(Beginning of Information supplied)

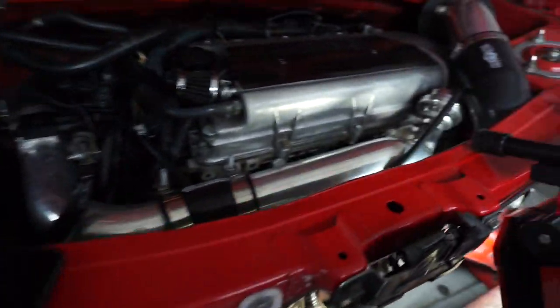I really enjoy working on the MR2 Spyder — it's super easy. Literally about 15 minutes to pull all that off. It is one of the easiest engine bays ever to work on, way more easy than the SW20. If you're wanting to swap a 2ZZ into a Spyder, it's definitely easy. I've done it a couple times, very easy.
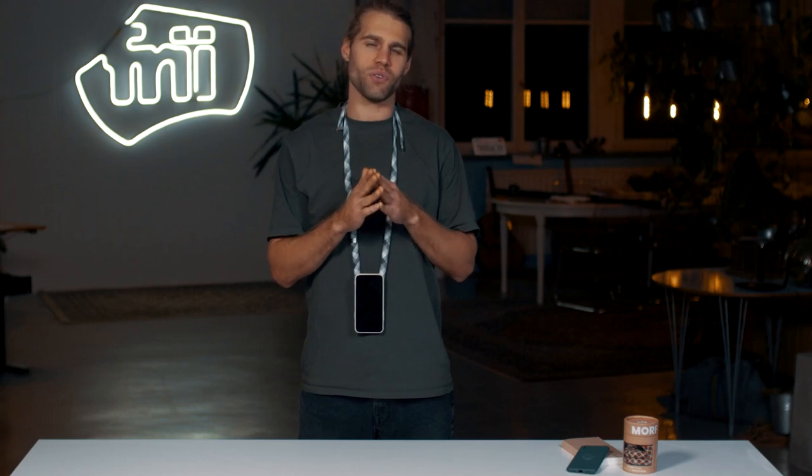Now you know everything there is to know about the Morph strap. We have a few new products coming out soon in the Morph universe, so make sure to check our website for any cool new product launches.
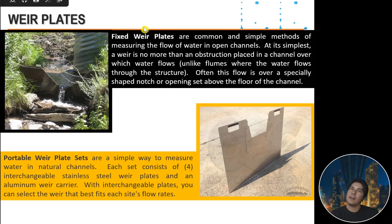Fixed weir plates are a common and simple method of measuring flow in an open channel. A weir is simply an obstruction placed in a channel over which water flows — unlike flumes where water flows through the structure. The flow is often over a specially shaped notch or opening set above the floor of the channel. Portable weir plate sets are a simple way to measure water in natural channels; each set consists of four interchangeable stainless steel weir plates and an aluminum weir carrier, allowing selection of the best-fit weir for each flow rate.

(End of Information supplied)

Work request: Word for word, restate all of the material above except its pictures.

Solution to this task:
I really enjoy working on the MR2 Spyder — it's super easy. Literally about 15 minutes to pull all that off. It is one of the easiest engine bays ever to work on, way more easy than the SW20. If you're wanting to swap a 2ZZ into a Spyder, it's definitely easy. I've done it a couple times, very easy.
Now you know everything there is to know about the Morph strap. We have a few new products coming out soon in the Morph universe, so make sure to check our website for any cool new product launches.
Fixed weir plates are a common and simple method of measuring flow in an open channel. A weir is simply an obstruction placed in a channel over which water flows — unlike flumes where water flows through the structure. The flow is often over a specially shaped notch or opening set above the floor of the channel. Portable weir plate sets are a simple way to measure water in natural channels; each set consists of four interchangeable stainless steel weir plates and an aluminum weir carrier, allowing selection of the best-fit weir for each flow rate.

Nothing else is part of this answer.